「欧米中心の世界 溶解 日本外交は思慮不足」
東大名誉教授・板垣雄三 2015年1月24日京都新聞朝刊
「積極的平和主義」は枯れ尾花に終わるのか。漂流する日本の前途は危うい。日本とイスラエルの国旗を背に、安倍晋三首相が記者会見で「テロに屈せず」と言明した情景は、広く世界のムスリム市民の眼に、日本幻滅への決定的瞬間として焼き付いたに違いない。
彼らの抱く日本のイメージは、広島・長崎とともに、イスラエルの占領地居座りを警告した1973年の二階堂進官房長官談話、先進国首脳としては初となった81年の鈴木善幸首相とアラファト・パレスチナ解放機構(PLO)議長の会談、イスラム世界との文明間対話を呼びかけた2001年の河野洋平外相イニシアチブだ。

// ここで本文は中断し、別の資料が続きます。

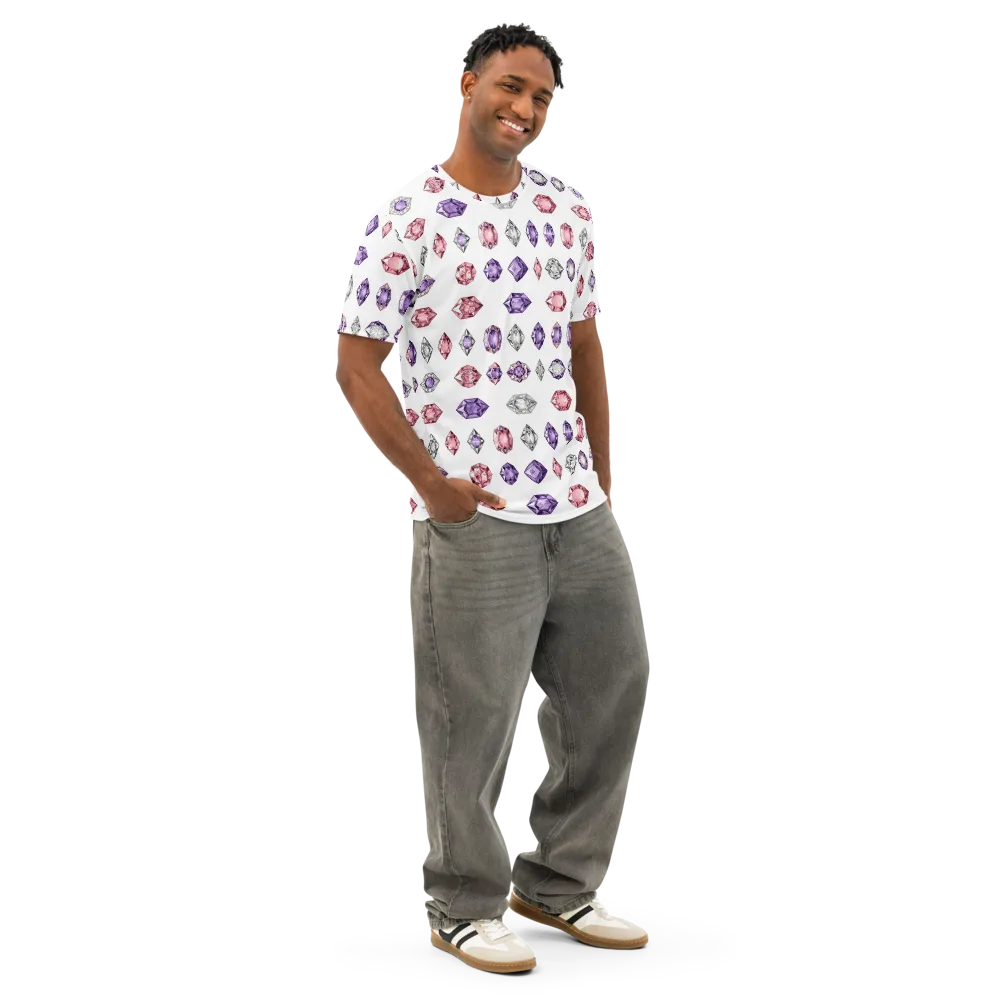 Gemstone Parade on Men's Cotton Crew Neck T-Shirt — Right Front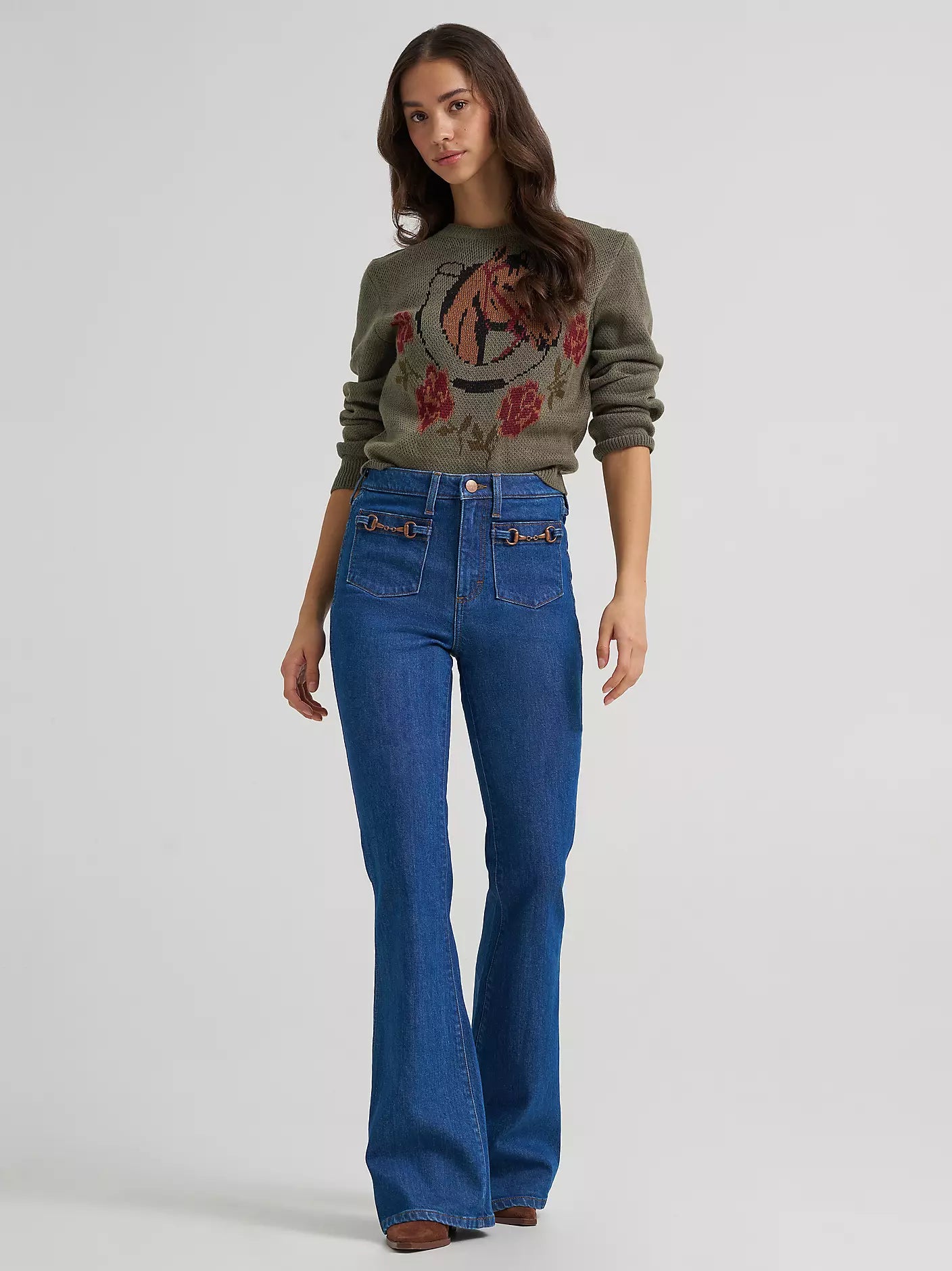 Wrangler Stay A While Sweater in Horseshoe Green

それが今や裏切られた。今年が、世界中で日本人の安全に懸念が高まる時代の幕開けとなることを危惧する。この危機を乗り越えるには、私たちの世界認識を根本から組み替え直す必要がある。
いまは、非暴力の新しい市民革命の到来を前に、欧米中心主義にどっぷり漬かった世界が終わる苦悶の時代だ。400年続いた欧米中心の世界秩序は崩壊中で、「日米同盟こそ基軸」とする日本外交も時代錯誤。中国や20カ国・地域(G20)の未来も不透明である。
「欧米対イスラム」という二項対立の見方も誤っている。反テロ戦争を常態化させた欧米は世界中をカオスに突き落とし、うまく自己破産(免責)」を遂げようと、イスラム過激主義者を”別働隊”に仕立てている。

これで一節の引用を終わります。